▶ About this task
Exact reproduction is required for the lines below starting at the line with "Economy Twin Room" and ending at the line with "4 Fun Hostel *", both included. No other lines, and no pictures.

▶ Data for this exercise
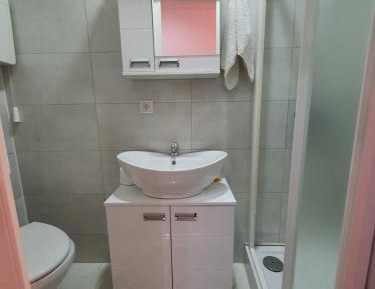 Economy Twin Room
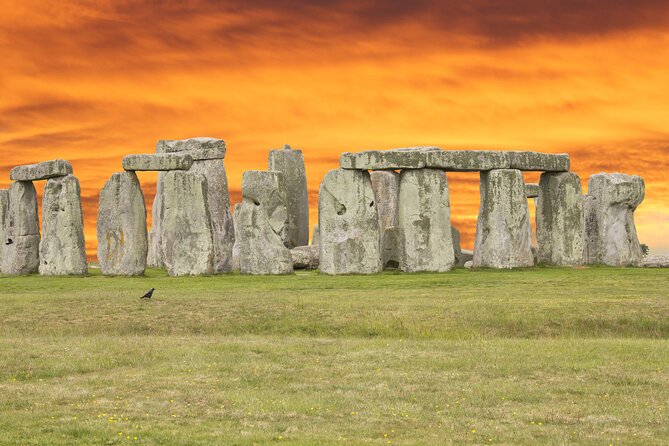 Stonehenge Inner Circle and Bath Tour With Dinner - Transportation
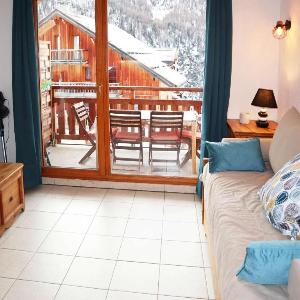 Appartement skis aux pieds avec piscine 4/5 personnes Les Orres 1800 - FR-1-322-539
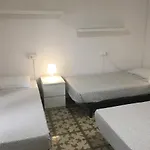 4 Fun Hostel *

==

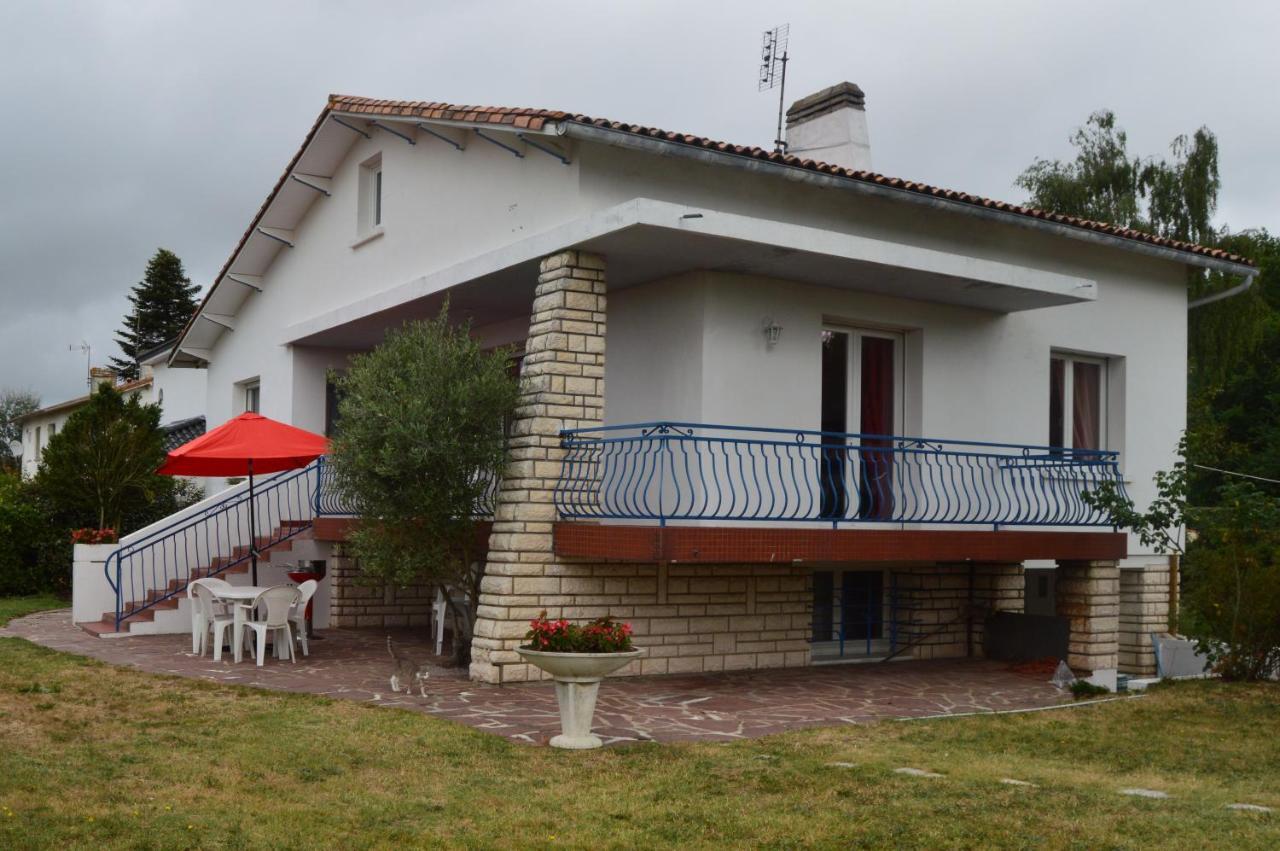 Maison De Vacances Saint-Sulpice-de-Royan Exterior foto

▶ Output for this task
 Economy Twin Room
 Stonehenge Inner Circle and Bath Tour With Dinner - Transportation
 Appartement skis aux pieds avec piscine 4/5 personnes Les Orres 1800 - FR-1-322-539
 4 Fun Hostel *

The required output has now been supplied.